Composée de six tableaux qui forment une boucle, la pièce met les spectateurs devant diverses formes de terreur et en observe l'impact. Du régime de peur imposé par un patron sans envergure au branle-bas de combat provoqué par des bagages oubliés sur le tarmac, de la crainte maladive des étrangers aux jeux sexuels qui tournent mal, les dramaturges débusquent la peur dans ses manifestations les plus exceptionnelles, les plus sournoises et les plus banales...

Olivier Coyette, jeune metteur en scène d'origine belge, affiche d'entrée de jeu son parti pris pour une forme de réalisme, teinté d'onirisme. Voire de surréalisme. L'essentiel de la première partie s'avère en effet déroutant. Les incongruités s'empilent et le ton change du tout au tout d'une scène à l'autre.

Dans l'aéroport fermé, un passager pressé (Fabien Cloutier) se bute à un étrange tandem de voyageurs qui philosophent avec acuité sur la peur tout en évoquant un autre tandem beaucoup moins perspicace: Dupont et Dupond. Tandis que les amants clandestins de la deuxième scène s'ébattent dans le plus grand détachement, un suicide transforme une banale journée de travail au bureau racontée à la scène trois en un moment de pure comédie noire, non exempte de cabotinage.

Et c'est sans compter ces détails qui clochent et titillent l'esprit: pourquoi le militaire a-t-il une grappe de raisins dans les mains? Pourquoi l'amant porte-t-il un bonnet et un maillot de bain et sa maîtresse un tutu? Pourquoi ces étiquettes sur les vêtements du petit cadre joufflu? Bref, à l'entracte, on ne peut s'empêcher de se demander dans quel train on a sauté et où il mène.

La deuxième partie, plus grave, vient rétablir l'équilibre et, surtout, cimenter le tout. La boucle est bouclée.

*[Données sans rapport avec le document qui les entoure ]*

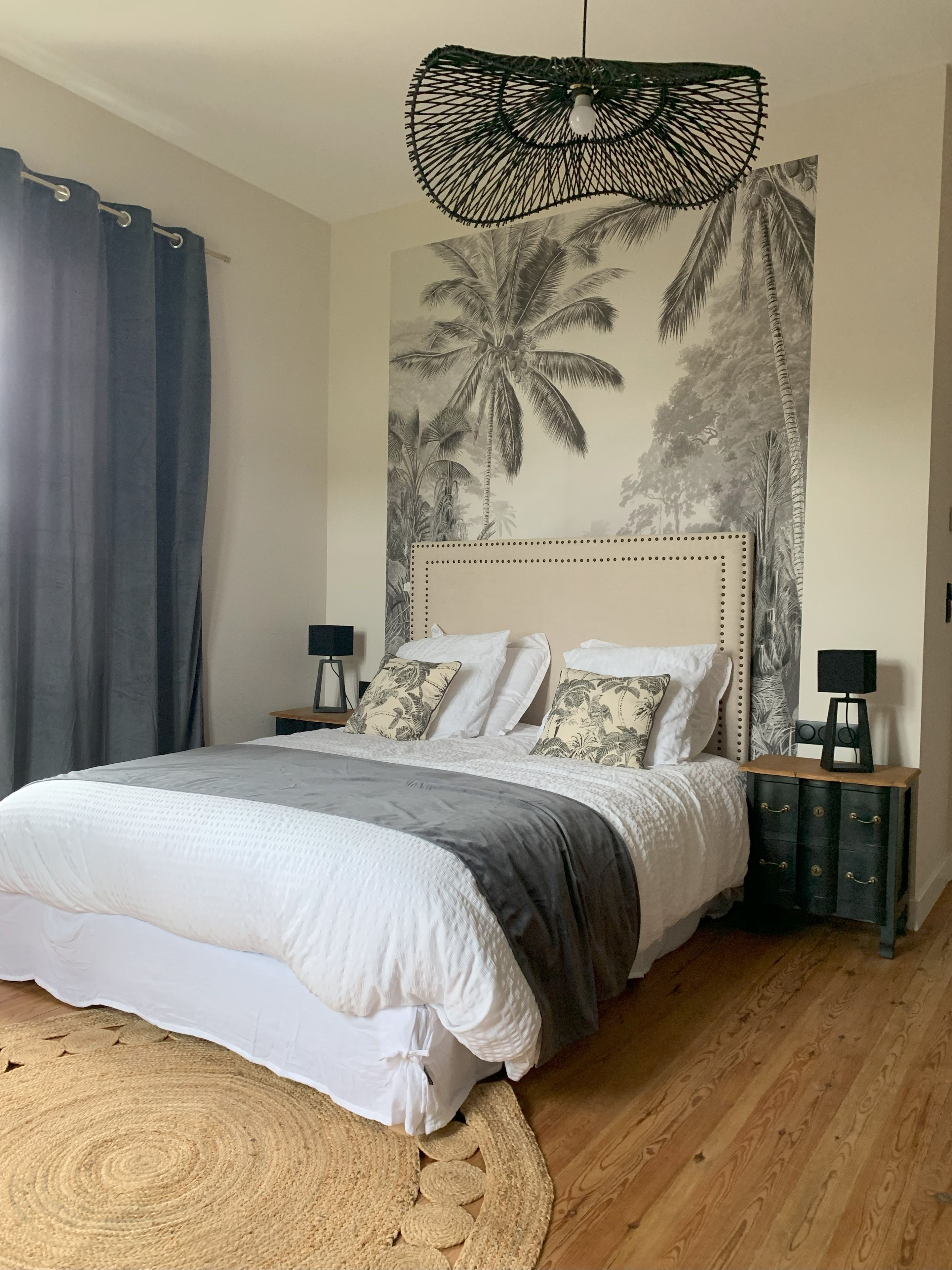 A bedroom with a bed, a wall mural, a hanging light fixture, and a nightstand.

Au-delà de l'éloquente réflexion politique à l'oeuvre dans le texte des frères Presnyakov et en plus de nous mettre face à notre absurde cohabitation quotidienne avec diverses formes de violence, Olivier Coyette montre combien notre imaginaire est contaminé par la peur. D'où cette suite de scènes traitée comme un long cauchemar et les clins d'oeil surréalistes.

Terrorisme, jouée dans des décors minimalistes et évocateurs, s'affirme comme du théâtre ingénieux et imparfait, réalisé avec trois bouts de ficelle et de bonnes idées. Du théâtre qui parle de et à l'imaginaire. Du théâtre à la fois profond, férocement ironique et parfois tout simplement loufoque.

Monique Miller est fantastique dans le rôle d'une vieille femme raciste. Mani Soleymanlou (vu dans trois autres productions depuis l'hiver dernier) montre une fois de plus sa polyvalence et sa justesse. Puisque cette production est en fait une coproduction avec la Belgique, où Terrorisme sera présenté en janvier, il faut souligner le bonheur qu'on a eu à découvrir les acteurs Benoît Van Dorslaer et, surtout, le formidable Christian Crahay.

Jusqu'au 12 décembre au théâtre Aux Écuries.